Non siamo mai singolarità impermeabili, le nostre esistenze individuali sempre e costantemente sono plasmate in modo sotterraneo dal mondo di appartenenze che ci ha preceduti e quello in cui siamo immersi. Attese, aspirazioni, dolori e felicità portano l’impronta dei linguaggi, dei segni, dei movimenti a cui siamo esposti. Non è vi un io senza un noi da cui è forgiato.
È possibile allora cogliere come i sentimenti, aderendo al tempo in cui vengono vissuti, mutino direzione e contenuti.

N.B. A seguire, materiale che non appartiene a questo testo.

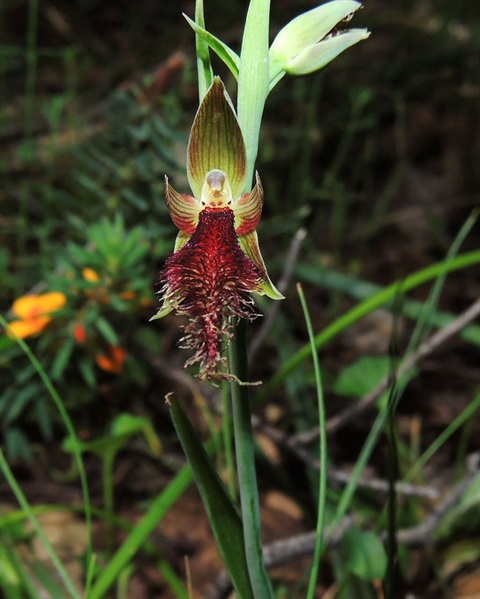 492B-2-Calochilus-robertsonii-fl-Cathy-Powers.jpg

Si pensi al sentimento della depressione, del cuore che precipita in una crisi. Ovviamente vi sono ragioni della depressione che riguardano esclusivamente esperienze personali, come ad esempio la morte di una persona amata. Ma è vi è anche un taglio della depressione, del sentirsi piegati sotto un carico di tristezza e sfinimento, contagiato e influenzato, anche invisibilmente, dalla cultura in cui si è immersi. La depressione, con il suo movimento di allentamento e distacco dalla vita, con la sottrazione al mondo che induce, ripiegando in un guscio sigillato, può risentire anche delle influenze culturali e valoriali a cui si è esposti e da cui si è attraversati. Modelli di società differenti producono depressioni differenti.
Vi è stato un tempo che nella cultura ricorrente – nelle prassi educative, nelle gerarchie valoriali condivise socialmente – era diffusa una società della disciplina, del dovere. A partire dagli ordinamenti familiari, con il ruolo autoritario del genitore. Ma anche doveri attesi nelle relazioni di ruolo, nell’accesso a spazi, iniziative o esperienze. Il dovere scandiva permessi e obblighi. In questa forma di cultura uno dei modi di affermare il ruolo del dovere era il senso di colpa. Il senso di colpa era incorporato come conseguenza alla mancanza verso un dovere a cui si doveva adempire. Ci si sentiva in colpa per non aver fatto il proprio dovere. E il senso di colpa era la soglia da cui entrava la depressione. In una società della disciplina la depressione viene rifornita dal senso di colpa.
Ben diverso questo presente: dove è palese il declino di una cultura della disciplina, sebbene non sia venuta meno la depressione. Semmai parrebbe cresciuta.
Perché oggi la depressione pare organizzarsi e modularsi sul sentimento di inadeguatezza. Non sono i doveri mancati a produrre depressione, ma traguardi, obiettivi, attese che falliscono. La depressione scaturisce quando subisce una mortificazione la propria aspirazione a distinguersi, a realizzare una propria unicità, quando ci si sente inadeguati a una misura che premia la singolarità. Ci si ritira dal mondo quando nel mondo non si riesce ad affermarsi, a raggiungere la propria individuazione che consente di distinguersi.
Sicché il paradosso: immersi e contagiati da una cultura collettiva che sacrifica sé stessa producendo l’esaltazione dell’egoità, dove si vivono depressioni che isolano nell’impotenza e nella solitudine.